I say this because I see more inshore fishin in your future then offshore, lets face it between the government closing / shortening all the seasons of what u can and can not keep and the weather/wave height.... ur best bet is to aim for the best "inshore" Yak" and go offshore when you can.

By the way
You can catch kings, snapper and Tarpon inshore


----------



## Playin hooky

I have a PA14. I'm ready to sell and get a outback. to much work to move around.


----------



## luvtofish

I just got a PA 12 and I love it! I also have an Outback, love that one too. The 2018 PA 12 is awesome though, very stable and extremely fast - the 2016 Outback can't keep up. If you use the beach wheels and get the weight balanced it's not bad to move around at all.


----------



## rpfair

So many benefits of the PA. The storage is fantastic so bring a wide neck G2 bottle for #1. I have a livewell(which I use as a Drybox) so only have the center scupper holes by the seat and honestly I think it is easier to move that way with the wheels. The issue for me is not getting the PA14 to the water, it is removing and adding the wheels at the waters edge before and after fishing. Having to tip the boat on its side to insert or remove the wheels has been my issue so I bought a trailer to launch like a boat when a ramp is avail.


----------



## wyld3man

Jgatorman said:


> The only issue I have with the outback is not having the ability to reach around and grab something from behind me without having to be cautious. I reached behind me once (only time on an outback)to clear some lines and next thing I know the bow is rising, stern is sinking all while rolling to the right (same side I was reaching on) and over she went....all happening to quick to stop yet in super slow motion at the same time.
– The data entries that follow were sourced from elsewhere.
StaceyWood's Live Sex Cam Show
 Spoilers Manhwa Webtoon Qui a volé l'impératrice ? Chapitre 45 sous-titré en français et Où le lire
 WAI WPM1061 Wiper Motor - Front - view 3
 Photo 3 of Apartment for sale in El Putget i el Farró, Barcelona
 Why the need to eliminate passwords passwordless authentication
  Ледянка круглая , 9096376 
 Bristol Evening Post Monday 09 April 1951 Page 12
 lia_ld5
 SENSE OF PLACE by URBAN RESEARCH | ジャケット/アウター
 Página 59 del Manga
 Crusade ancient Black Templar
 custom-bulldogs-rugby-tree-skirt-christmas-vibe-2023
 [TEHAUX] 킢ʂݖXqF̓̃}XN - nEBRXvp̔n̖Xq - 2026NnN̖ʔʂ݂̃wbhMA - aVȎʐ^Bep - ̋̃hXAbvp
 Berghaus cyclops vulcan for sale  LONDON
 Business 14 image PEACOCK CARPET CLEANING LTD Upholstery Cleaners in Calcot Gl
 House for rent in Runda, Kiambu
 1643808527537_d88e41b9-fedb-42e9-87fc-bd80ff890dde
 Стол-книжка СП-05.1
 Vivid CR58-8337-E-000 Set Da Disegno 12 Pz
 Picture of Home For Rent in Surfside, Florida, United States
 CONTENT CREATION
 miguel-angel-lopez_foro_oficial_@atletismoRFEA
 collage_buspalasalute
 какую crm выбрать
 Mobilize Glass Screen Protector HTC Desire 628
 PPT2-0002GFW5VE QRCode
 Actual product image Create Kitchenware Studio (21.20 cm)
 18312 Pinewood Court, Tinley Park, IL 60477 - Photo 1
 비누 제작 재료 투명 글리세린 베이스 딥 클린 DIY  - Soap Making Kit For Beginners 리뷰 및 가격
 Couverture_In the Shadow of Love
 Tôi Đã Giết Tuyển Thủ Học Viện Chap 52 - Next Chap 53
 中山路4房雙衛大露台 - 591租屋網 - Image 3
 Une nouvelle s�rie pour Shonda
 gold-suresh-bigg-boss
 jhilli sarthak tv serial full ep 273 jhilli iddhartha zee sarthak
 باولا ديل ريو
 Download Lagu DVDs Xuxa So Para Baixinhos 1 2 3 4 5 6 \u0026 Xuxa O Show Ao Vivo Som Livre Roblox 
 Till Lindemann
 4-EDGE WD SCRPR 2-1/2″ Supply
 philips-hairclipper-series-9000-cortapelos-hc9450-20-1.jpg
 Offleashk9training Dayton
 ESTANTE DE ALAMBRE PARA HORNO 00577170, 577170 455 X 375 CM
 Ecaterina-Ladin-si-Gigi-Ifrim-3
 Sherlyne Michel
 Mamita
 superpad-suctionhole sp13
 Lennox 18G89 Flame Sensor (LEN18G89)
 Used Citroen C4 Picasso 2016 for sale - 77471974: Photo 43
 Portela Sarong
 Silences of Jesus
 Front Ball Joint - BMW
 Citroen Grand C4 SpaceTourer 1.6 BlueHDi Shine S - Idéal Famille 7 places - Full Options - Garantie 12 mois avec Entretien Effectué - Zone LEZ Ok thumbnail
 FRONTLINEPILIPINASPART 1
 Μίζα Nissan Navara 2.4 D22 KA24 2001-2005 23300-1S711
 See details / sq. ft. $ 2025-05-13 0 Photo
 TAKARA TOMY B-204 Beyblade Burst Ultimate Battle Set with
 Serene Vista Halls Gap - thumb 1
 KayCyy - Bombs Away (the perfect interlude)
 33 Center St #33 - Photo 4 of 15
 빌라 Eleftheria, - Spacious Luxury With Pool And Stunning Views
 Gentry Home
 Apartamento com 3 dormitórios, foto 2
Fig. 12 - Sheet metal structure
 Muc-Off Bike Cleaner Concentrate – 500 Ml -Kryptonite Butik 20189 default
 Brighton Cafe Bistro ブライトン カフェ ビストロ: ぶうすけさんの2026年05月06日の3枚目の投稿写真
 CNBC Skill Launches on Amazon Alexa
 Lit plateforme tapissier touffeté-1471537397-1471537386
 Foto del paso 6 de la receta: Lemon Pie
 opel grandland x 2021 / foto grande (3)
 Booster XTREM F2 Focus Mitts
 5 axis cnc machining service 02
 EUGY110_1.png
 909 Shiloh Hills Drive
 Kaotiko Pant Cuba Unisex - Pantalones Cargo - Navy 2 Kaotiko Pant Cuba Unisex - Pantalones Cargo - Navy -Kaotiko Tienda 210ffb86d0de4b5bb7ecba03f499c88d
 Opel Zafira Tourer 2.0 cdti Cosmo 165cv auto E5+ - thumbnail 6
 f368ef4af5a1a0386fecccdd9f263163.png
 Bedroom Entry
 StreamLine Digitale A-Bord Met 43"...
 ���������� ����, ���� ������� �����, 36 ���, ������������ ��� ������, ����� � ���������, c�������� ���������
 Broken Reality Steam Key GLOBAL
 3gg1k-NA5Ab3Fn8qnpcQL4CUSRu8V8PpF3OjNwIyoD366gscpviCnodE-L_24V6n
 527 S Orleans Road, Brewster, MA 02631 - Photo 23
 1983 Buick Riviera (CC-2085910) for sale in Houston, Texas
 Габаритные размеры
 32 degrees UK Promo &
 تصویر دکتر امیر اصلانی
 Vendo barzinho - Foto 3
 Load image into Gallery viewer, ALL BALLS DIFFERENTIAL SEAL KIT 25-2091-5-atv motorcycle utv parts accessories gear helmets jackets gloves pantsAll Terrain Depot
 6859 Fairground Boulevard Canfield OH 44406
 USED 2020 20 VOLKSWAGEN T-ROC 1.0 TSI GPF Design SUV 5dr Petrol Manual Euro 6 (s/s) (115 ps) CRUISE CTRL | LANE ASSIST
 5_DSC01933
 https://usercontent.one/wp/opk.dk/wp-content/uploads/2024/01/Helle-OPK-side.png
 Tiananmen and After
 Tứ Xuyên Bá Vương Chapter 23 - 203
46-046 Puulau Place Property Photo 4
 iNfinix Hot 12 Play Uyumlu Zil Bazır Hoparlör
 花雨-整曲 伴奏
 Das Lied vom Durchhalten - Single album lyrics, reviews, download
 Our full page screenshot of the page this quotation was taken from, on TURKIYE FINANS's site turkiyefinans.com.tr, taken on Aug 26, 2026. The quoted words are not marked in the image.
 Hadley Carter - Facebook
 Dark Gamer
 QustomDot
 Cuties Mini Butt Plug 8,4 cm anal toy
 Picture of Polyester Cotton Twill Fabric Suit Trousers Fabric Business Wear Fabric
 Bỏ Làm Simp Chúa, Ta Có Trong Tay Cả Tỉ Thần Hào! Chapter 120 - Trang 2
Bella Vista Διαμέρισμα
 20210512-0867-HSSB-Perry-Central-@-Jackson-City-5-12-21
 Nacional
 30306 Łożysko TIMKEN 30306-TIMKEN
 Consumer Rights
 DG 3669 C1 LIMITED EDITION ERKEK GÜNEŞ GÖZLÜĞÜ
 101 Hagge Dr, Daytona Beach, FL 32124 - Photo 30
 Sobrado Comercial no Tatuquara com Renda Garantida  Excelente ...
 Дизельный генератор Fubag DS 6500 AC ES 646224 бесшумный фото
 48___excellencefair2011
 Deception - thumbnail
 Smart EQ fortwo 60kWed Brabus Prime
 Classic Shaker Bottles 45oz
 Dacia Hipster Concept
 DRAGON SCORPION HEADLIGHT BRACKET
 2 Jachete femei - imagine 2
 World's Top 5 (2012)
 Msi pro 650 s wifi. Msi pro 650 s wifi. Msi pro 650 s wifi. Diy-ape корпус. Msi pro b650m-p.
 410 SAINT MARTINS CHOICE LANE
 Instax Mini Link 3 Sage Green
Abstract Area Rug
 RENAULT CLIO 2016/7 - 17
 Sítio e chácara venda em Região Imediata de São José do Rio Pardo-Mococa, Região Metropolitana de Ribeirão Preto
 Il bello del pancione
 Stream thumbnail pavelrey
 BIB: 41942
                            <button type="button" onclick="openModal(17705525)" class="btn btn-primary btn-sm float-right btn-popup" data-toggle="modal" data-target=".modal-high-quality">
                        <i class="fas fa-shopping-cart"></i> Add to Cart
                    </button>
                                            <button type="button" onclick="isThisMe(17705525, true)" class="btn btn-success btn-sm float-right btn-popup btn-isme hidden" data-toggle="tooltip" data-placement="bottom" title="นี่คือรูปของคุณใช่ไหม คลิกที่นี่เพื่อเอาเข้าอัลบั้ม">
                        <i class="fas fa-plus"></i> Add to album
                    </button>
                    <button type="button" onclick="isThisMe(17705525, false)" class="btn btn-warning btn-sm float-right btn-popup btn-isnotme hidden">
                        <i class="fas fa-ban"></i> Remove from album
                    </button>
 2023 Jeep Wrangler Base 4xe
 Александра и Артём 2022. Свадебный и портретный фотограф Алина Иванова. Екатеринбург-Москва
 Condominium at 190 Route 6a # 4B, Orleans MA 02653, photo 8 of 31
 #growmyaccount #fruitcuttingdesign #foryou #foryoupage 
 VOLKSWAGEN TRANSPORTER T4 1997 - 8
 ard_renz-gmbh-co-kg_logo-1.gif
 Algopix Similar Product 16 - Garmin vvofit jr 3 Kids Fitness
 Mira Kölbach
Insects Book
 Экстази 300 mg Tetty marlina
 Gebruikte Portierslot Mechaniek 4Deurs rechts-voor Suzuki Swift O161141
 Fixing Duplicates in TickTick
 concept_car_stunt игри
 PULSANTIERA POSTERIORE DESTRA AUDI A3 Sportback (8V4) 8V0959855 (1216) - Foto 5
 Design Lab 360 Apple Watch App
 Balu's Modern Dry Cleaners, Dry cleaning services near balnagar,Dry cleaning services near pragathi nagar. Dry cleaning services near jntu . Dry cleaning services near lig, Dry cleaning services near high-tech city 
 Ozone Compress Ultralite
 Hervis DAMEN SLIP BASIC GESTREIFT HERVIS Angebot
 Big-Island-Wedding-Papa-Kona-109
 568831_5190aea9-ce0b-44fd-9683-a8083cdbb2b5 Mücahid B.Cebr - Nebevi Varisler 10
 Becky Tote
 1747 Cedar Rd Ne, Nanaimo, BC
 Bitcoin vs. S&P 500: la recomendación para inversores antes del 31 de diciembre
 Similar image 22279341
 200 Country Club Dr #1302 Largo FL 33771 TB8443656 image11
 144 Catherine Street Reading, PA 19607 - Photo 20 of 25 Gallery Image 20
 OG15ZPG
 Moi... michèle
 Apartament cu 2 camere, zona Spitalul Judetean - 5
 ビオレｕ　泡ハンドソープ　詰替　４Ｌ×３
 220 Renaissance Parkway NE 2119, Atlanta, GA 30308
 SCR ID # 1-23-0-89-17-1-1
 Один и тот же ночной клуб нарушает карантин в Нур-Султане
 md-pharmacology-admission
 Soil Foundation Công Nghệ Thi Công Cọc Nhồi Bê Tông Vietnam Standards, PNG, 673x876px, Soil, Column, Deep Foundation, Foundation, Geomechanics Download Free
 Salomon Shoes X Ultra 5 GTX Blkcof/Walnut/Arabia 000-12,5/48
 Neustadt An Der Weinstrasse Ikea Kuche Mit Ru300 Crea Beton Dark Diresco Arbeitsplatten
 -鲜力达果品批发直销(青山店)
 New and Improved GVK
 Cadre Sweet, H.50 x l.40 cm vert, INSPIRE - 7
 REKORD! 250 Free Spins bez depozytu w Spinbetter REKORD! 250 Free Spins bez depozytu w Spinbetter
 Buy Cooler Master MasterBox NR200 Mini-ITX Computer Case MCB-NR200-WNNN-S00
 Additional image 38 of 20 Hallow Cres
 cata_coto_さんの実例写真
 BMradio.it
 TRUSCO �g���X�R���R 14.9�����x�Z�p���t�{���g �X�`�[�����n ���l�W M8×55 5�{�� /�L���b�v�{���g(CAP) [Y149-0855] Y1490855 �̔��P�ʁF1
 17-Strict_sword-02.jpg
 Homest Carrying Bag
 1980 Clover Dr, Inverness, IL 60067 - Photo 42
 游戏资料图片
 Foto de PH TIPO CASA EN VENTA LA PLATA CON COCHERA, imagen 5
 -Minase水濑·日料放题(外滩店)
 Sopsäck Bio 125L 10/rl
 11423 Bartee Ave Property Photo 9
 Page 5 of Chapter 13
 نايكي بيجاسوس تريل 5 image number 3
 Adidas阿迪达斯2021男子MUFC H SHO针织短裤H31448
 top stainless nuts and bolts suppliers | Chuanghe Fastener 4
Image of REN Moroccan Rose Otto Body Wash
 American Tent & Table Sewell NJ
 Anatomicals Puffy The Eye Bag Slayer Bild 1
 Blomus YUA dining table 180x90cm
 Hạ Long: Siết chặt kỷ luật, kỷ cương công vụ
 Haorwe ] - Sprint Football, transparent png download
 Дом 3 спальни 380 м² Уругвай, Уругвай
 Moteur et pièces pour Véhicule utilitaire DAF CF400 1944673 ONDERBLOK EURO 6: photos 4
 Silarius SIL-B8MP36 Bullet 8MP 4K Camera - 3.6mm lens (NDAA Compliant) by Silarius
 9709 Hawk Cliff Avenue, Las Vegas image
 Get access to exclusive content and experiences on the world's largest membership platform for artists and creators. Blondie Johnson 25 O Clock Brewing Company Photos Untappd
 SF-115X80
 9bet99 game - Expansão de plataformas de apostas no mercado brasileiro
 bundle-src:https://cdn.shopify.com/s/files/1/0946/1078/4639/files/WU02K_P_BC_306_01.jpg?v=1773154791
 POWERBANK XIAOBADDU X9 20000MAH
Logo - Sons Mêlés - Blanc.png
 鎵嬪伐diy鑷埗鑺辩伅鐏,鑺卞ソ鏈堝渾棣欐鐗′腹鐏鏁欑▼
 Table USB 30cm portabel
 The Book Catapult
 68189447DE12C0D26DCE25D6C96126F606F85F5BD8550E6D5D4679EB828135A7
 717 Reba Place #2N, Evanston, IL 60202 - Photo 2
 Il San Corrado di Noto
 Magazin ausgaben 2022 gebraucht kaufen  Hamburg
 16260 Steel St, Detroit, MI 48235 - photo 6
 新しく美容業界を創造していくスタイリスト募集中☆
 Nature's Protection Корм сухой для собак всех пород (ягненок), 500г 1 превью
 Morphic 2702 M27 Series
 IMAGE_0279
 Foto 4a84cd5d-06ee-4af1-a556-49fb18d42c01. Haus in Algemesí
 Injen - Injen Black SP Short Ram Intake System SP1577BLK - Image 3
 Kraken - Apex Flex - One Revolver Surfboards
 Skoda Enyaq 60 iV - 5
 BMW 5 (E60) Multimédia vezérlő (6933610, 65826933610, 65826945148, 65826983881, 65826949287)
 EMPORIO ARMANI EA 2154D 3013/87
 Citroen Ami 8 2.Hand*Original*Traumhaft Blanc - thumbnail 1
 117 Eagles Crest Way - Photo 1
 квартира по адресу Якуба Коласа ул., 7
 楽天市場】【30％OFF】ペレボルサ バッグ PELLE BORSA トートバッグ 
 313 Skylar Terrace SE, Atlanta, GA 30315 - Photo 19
I am now bobbing in the water watching $500.00 worth of gear get donated to Davey Jones locker. I still had a great day but bought a PA14 and never had to worry about stability again! Sure she is heavy for 10 or 20 minutes, but in between I get hour after hour after hour of pure unadulterated offshore fishing pleasure and no worries!


That’s why I tie everting down with leashes from now on. I used to go fishing in my PA when I probably shouldn’t have. I rolled it twice, both times in the surf. First time I lost some gear next time it was all tied down so I just pulled the tie downs and my rods, net etc was there


----------